The second bar was where I was a little more careful.  It needed to be parallel with the first (the board itself did not need to be exactly perpendicular).  I used some super glue (it won't stick very well to melamine, so be gentle until it's screwed on).  With the UHMW set properly in the left miter slot on the saw, and some super glue/cyanoacrylate set on top, I dropped the previously-attached board and miter into the other slot, and slowly dropped the board onto this new one.  Give it a minute to set up.  It should hold just long enough to pull the board and the two miter bars out, flip it over, and screw the second bar down.

Now is when we get a LITTLE more careful with getting everything square.

Raise the saw blade on your table saw to be just above the top of the melamine board when it is in the slots properly.  Yes, we're going to cut into it (not all the way through, yet).  Start the table saw, and feed your sled base into the blade until we have the top being cut by 1/4".  We will then back the sled base out, and set it to the top and pull back to do the same for the other side of the board.  In this case, we want to cut 1" on the top surface of the sled base (1/4" more than our melamine material that will be used for the sides of the sled).
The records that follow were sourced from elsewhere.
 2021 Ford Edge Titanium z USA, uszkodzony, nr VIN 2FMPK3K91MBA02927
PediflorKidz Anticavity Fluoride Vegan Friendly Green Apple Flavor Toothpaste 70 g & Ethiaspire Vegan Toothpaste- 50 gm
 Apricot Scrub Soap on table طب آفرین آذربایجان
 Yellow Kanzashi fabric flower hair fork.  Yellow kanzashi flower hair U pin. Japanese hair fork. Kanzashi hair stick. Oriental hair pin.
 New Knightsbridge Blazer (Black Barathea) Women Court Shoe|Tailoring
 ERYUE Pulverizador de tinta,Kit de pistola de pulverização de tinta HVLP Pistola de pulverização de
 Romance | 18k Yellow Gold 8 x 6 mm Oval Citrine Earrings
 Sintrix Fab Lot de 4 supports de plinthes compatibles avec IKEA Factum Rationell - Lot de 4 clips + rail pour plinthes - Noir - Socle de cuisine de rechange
Now, drill all the holes to hold the fences/sides, and countersink for the screws.  Use a square to make sure the fence/side is at 90-degrees, and then put the first screw in (pick the hole farthest away from the cuts on the sled base - it will be less finicky on the next step).
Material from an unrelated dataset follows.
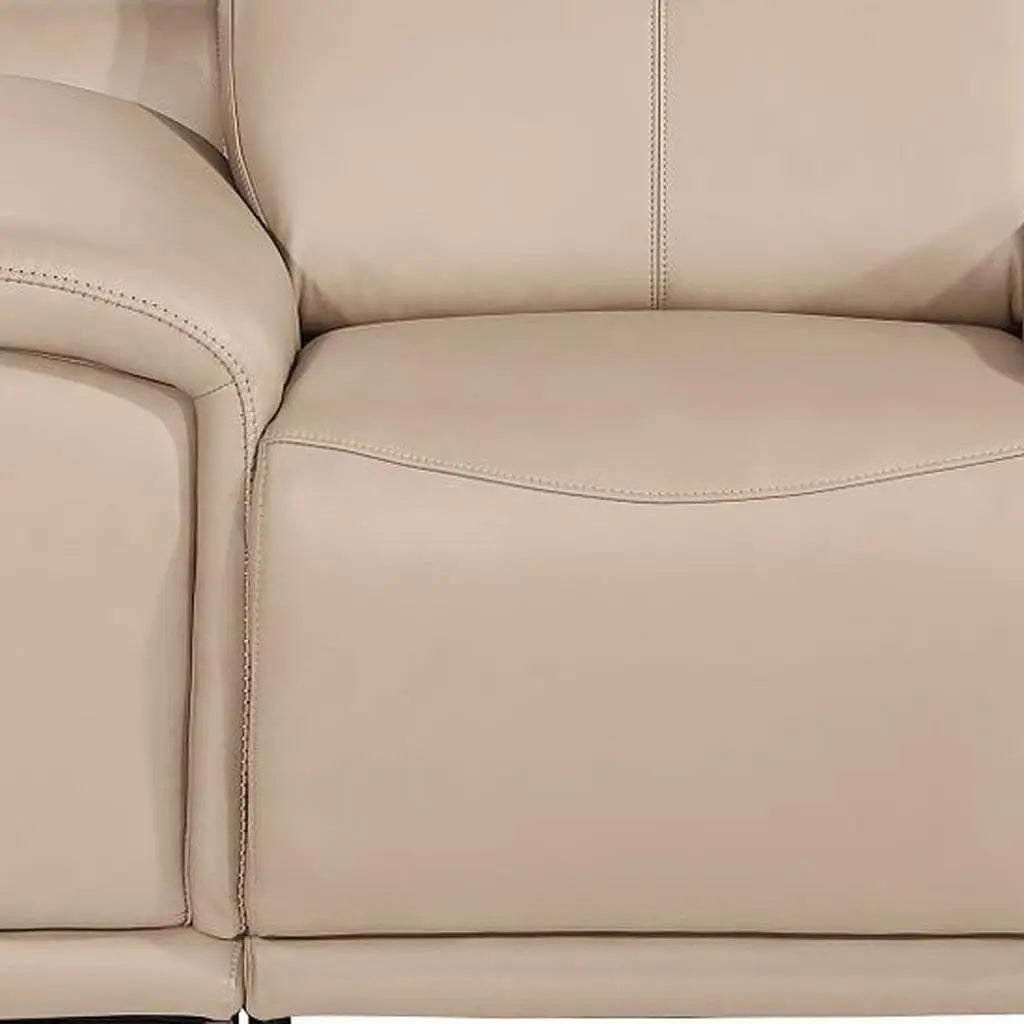 39" Ash Gray Genuine Leather Wall Hugger Power Recliner With USB Homeroots Living Room
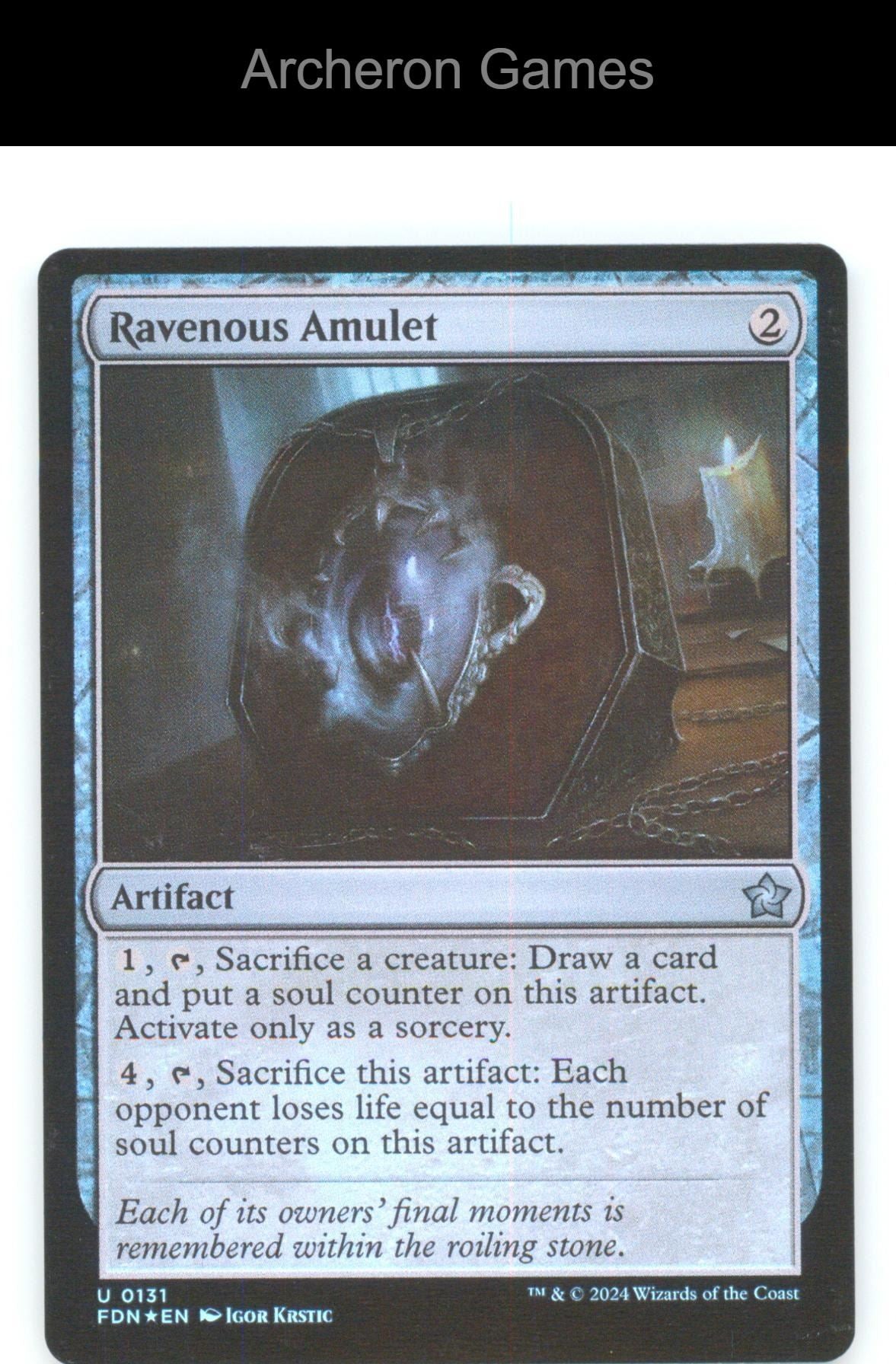 Ravenous Amulet FDN 131 UC MTG Card Foundations Foil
Now, use a right angle (I used a drafting triangle) to square up the fence to the two marks from the saw blade.  If you are going to use this as a reference for your parts, make sure this is accurate.
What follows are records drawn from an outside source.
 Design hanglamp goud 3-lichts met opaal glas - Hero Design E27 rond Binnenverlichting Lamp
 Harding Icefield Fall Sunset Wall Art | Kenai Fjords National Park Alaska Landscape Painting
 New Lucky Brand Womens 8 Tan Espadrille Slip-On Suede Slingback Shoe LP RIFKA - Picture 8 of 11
Clamp that fence into final position.  I used a 90-degree clamp I'd made for my tool chest drawers, just to make sure.  Then, flip it, and drive the screws into position for the first side/fence.

The second is a little easier.  Find a length of material that will set between them.  Square the fence up to the sled base, and drive one screw.  Move your material height block to the other end, square it, and drive that screw.  Now you can drive the screws in that will hold those sides/fences in position.  Make sure you have at least two screws on each fence/side ON EACH side of where the cut marks are to ensure it is secured.  I ended up with 6 screws on each fence to attach the sides/fences to the sled base.

Flip the sled, and install your t-track slot onto the tops of the fences.  Now, raise the saw to where you will likely have it (I raised it about a half inch above the sled base), and make one final cut through the entire base.

You can use those fences to cut a perpendicular groove with a 3/4" straight flute router bit (parallel to your sides) for the hold down clamps.  Rockler has this going parallel to the saw cut, I have two of them perpendicular so I have a little more range.

Then you can install the final bits of t-track onto the sled base.

Now, with potential hardware installed, you have a very solid, manipulable jig to hold small parts on.  The angle block can use the t-track hold down to give me a 90-degree surface for clamping, too, so I am very versatile with this little jig.